Recorded information >>
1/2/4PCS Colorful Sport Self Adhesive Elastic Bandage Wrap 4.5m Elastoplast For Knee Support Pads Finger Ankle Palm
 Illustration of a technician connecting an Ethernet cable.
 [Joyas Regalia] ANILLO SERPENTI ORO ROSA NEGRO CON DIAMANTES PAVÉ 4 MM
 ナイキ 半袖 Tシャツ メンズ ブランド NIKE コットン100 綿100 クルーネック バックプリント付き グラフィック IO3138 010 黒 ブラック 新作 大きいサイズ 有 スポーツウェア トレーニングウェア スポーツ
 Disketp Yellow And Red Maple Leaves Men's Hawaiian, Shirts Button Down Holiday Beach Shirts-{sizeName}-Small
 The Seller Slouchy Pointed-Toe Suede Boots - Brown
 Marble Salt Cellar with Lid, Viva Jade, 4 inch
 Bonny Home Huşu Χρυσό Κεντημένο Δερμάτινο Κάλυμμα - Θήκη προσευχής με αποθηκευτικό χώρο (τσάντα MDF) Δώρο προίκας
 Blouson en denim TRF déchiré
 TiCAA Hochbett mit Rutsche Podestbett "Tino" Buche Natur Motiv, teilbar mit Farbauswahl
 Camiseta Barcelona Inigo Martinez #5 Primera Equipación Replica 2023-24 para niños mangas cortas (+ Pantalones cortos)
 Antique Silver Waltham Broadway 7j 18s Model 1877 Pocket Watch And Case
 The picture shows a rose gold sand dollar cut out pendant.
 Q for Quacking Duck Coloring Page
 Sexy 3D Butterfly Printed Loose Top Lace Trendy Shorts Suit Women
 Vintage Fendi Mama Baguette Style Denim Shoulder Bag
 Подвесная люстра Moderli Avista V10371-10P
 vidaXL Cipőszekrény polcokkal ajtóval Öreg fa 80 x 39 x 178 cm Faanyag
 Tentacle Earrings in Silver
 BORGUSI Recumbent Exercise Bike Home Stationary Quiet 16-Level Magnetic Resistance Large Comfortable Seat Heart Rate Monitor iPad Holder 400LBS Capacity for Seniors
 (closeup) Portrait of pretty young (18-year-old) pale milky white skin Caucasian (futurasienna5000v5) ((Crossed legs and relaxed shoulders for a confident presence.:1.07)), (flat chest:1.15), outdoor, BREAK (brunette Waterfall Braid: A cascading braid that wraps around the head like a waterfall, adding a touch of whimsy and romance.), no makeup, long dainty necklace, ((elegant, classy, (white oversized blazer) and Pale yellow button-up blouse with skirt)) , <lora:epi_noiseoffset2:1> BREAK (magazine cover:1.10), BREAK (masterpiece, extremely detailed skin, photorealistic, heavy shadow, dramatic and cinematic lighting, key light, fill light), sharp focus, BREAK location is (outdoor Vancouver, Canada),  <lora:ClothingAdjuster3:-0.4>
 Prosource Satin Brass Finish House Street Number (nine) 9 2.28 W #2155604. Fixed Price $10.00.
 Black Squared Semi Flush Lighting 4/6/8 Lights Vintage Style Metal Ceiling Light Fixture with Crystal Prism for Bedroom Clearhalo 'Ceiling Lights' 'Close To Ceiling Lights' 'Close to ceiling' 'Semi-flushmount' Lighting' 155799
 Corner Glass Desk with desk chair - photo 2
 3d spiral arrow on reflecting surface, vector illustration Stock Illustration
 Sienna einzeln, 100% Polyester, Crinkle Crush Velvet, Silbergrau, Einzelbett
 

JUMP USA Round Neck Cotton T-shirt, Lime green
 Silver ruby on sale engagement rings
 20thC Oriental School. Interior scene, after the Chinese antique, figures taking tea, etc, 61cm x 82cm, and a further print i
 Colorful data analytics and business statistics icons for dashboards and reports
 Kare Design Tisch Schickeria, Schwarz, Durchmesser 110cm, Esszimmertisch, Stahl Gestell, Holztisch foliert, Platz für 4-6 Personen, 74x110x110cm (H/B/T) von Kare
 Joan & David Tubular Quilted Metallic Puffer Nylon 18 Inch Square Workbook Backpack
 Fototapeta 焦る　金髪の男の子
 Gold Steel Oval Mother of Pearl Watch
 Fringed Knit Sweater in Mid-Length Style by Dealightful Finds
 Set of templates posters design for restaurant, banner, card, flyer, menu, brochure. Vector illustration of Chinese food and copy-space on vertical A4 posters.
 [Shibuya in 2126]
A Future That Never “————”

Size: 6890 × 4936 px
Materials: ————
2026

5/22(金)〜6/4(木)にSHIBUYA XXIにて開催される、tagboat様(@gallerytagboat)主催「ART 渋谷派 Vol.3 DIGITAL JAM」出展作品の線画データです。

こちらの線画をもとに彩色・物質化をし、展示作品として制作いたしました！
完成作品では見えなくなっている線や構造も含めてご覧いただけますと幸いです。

Task directions >> Give only the lines from the one holding "Black Squared Semi" through the one holding "Silver ruby on sale engagement rings", each restated exactly as it appears above.

Response to the exercise >>
 Black Squared Semi Flush Lighting 4/6/8 Lights Vintage Style Metal Ceiling Light Fixture with Crystal Prism for Bedroom Clearhalo 'Ceiling Lights' 'Close To Ceiling Lights' 'Close to ceiling' 'Semi-flushmount' Lighting' 155799
 Corner Glass Desk with desk chair - photo 2
 3d spiral arrow on reflecting surface, vector illustration Stock Illustration
 Sienna einzeln, 100% Polyester, Crinkle Crush Velvet, Silbergrau, Einzelbett
 

JUMP USA Round Neck Cotton T-shirt, Lime green
 Silver ruby on sale engagement rings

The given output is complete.